SUPPLIED DATA START

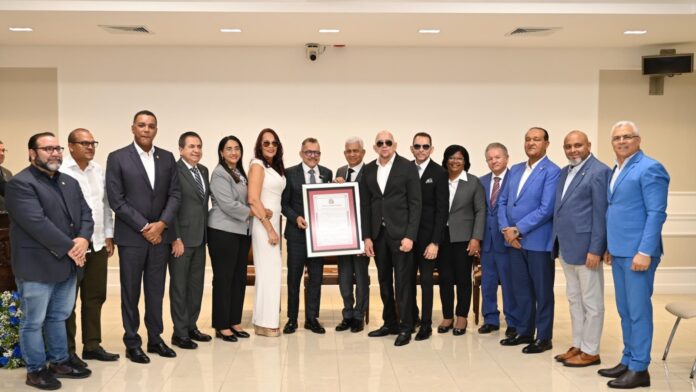 Senado reconoce trayectoria musical de Los Hermanos Rosario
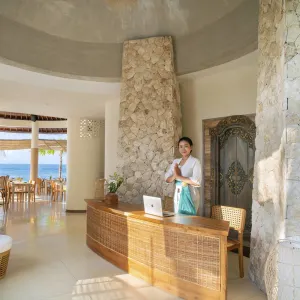 The Sankara Beach Resort Nusa Penida:  The Sankara Beach Resort Nusa Penida Lobby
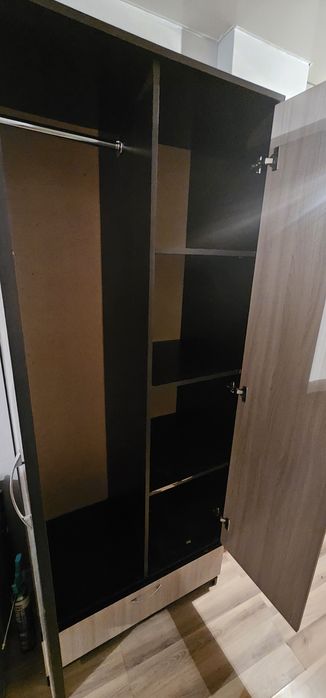 Продам шкаф недорого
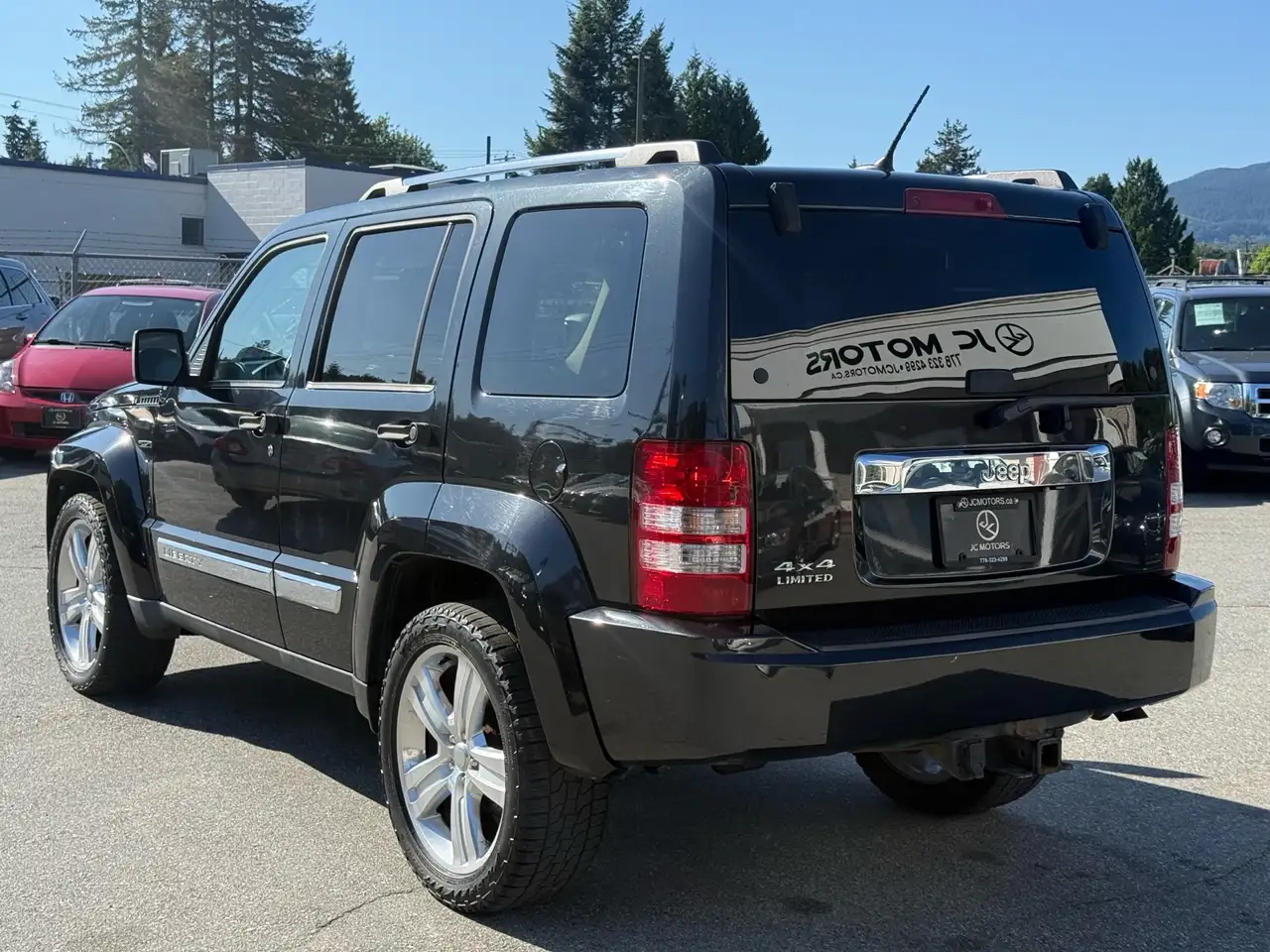 Jeep Liberty снимка Jeep Liberty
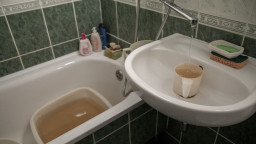 Одразу три міста на Донеччині залишилися без води через відключення насосів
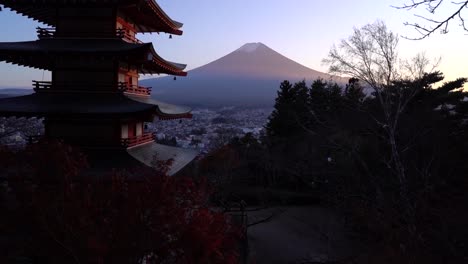 Hermosa-Pagoda-Chureito-Y-Monte-Fuji-Al-Atardecer---Cámara-Lenta-Inclinada-Hacia-Arriba
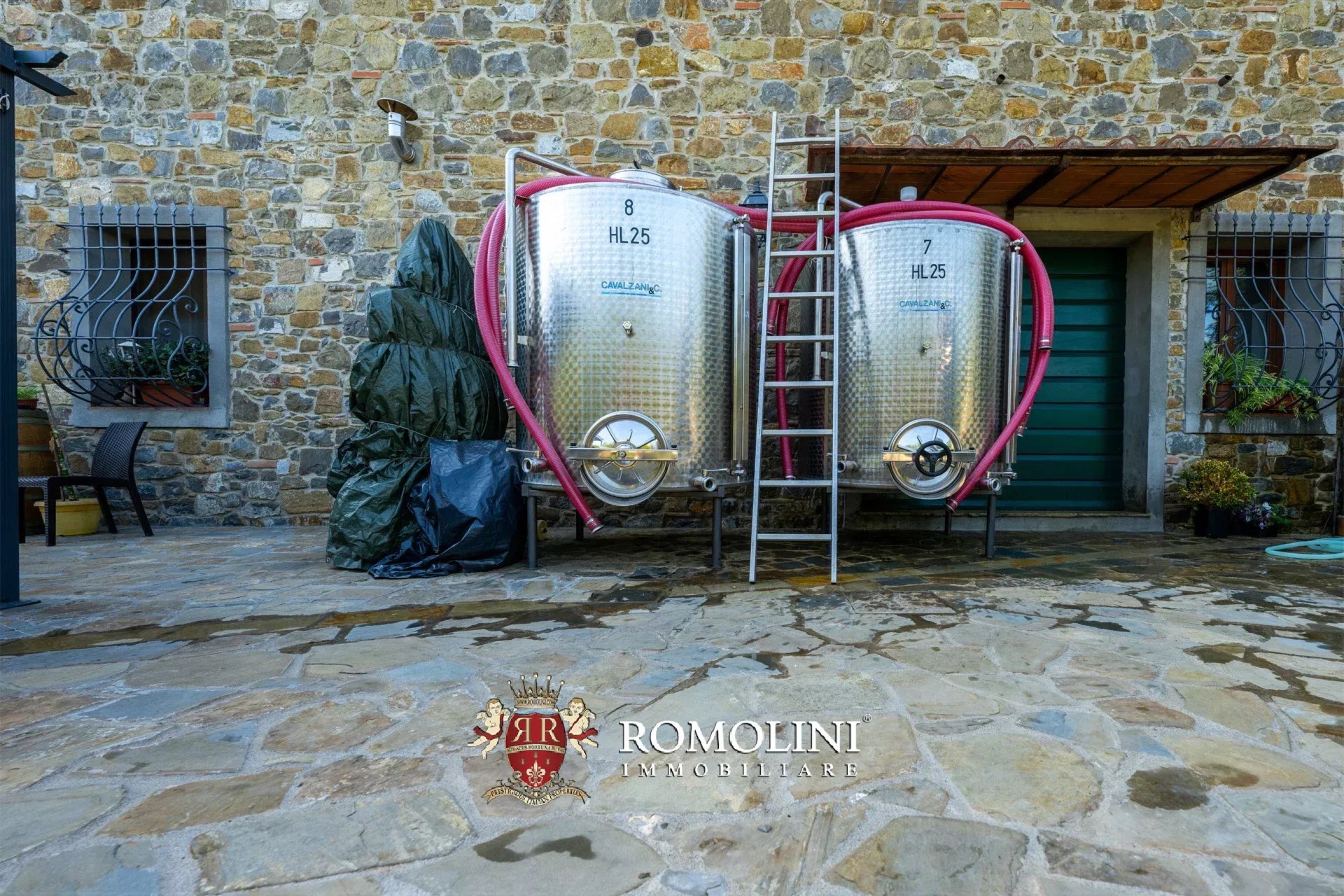 3 Bedroom Vineyard's Image 10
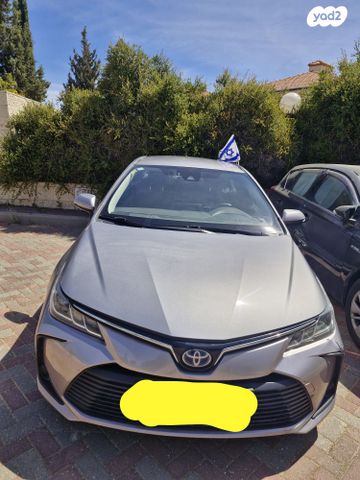 מודעת רכב טויוטה קורולה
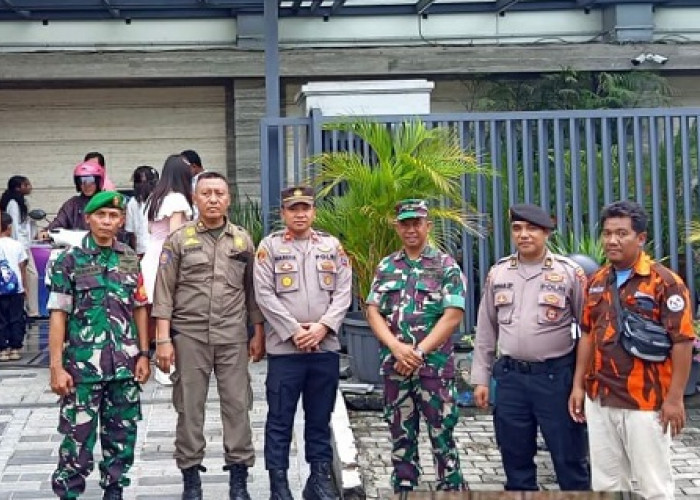  Polsek Gunung Anyar Bersama Tiga Pilar Jalin Kebersamaan, Amankan Natal di Gereja GPDI Haleluya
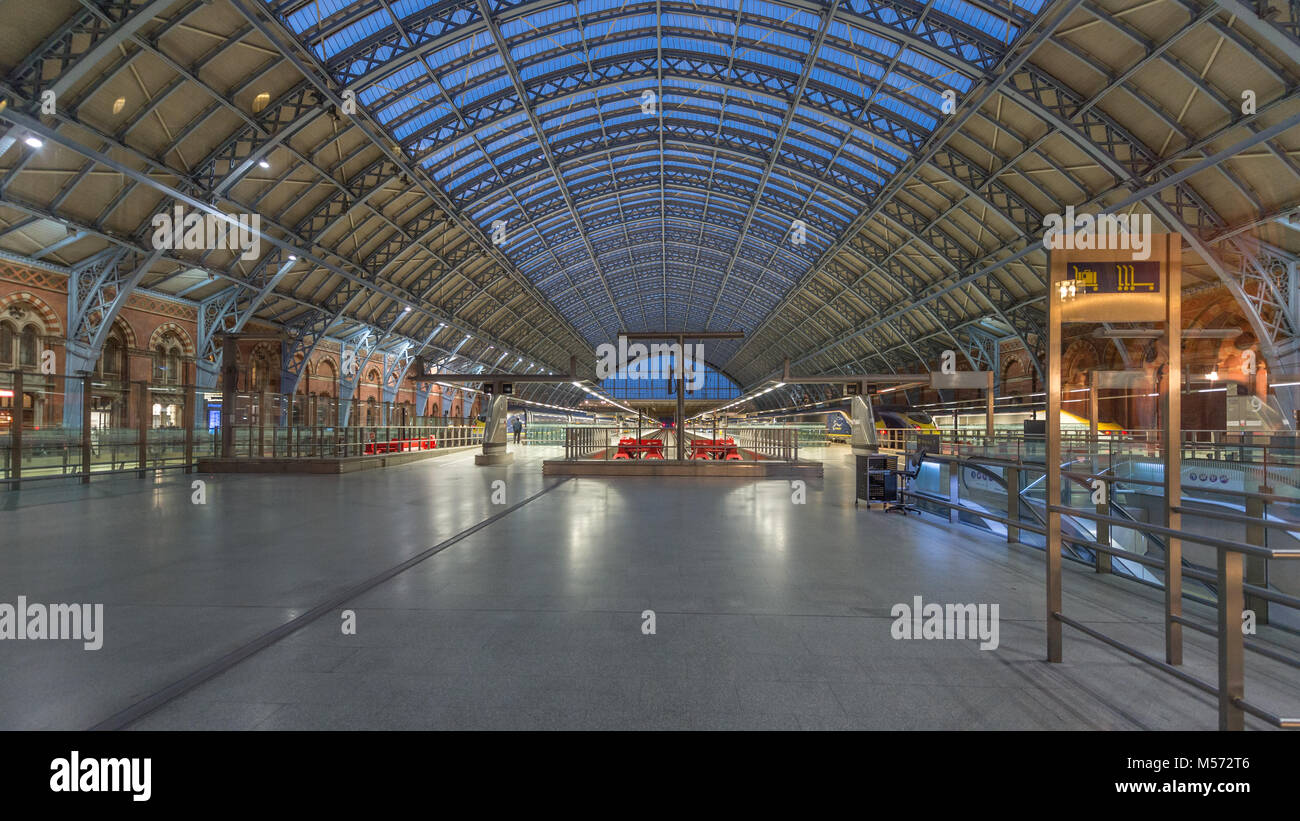 La stazione di St Pancras interno soffitto a cupola: Londra, Regno Unito Foto Stock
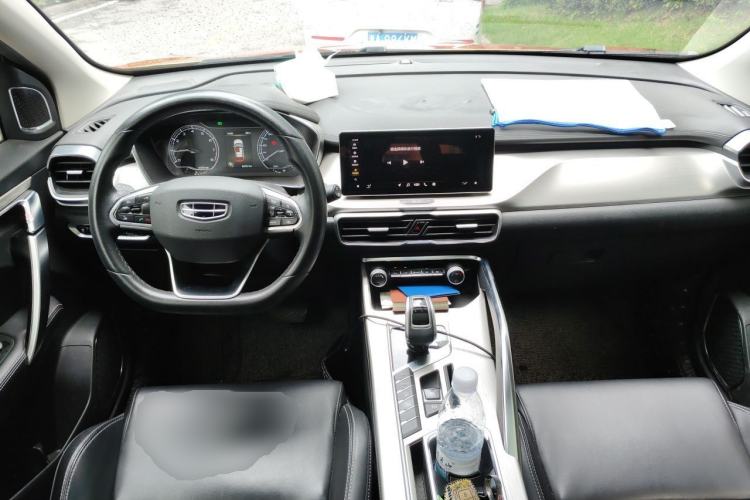 Used Geely Auto Coolray 2019 260T DCT Knight China VI Standard Center Console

SUPPLIED DATA END

PROBLEM DETAILS: Repeat the data word for word. Skip the pictures.

EXERCISE RESULT:
 Senado reconoce trayectoria musical de Los Hermanos Rosario
 The Sankara Beach Resort Nusa Penida:  The Sankara Beach Resort Nusa Penida Lobby
 Продам шкаф недорого
 Jeep Liberty снимка Jeep Liberty
 Одразу три міста на Донеччині залишилися без води через відключення насосів
 Hermosa-Pagoda-Chureito-Y-Monte-Fuji-Al-Atardecer---Cámara-Lenta-Inclinada-Hacia-Arriba
 3 Bedroom Vineyard's Image 10
 מודעת רכב טויוטה קורולה
  Polsek Gunung Anyar Bersama Tiga Pilar Jalin Kebersamaan, Amankan Natal di Gereja GPDI Haleluya
 La stazione di St Pancras interno soffitto a cupola: Londra, Regno Unito Foto Stock
 Used Geely Auto Coolray 2019 260T DCT Knight China VI Standard Center Console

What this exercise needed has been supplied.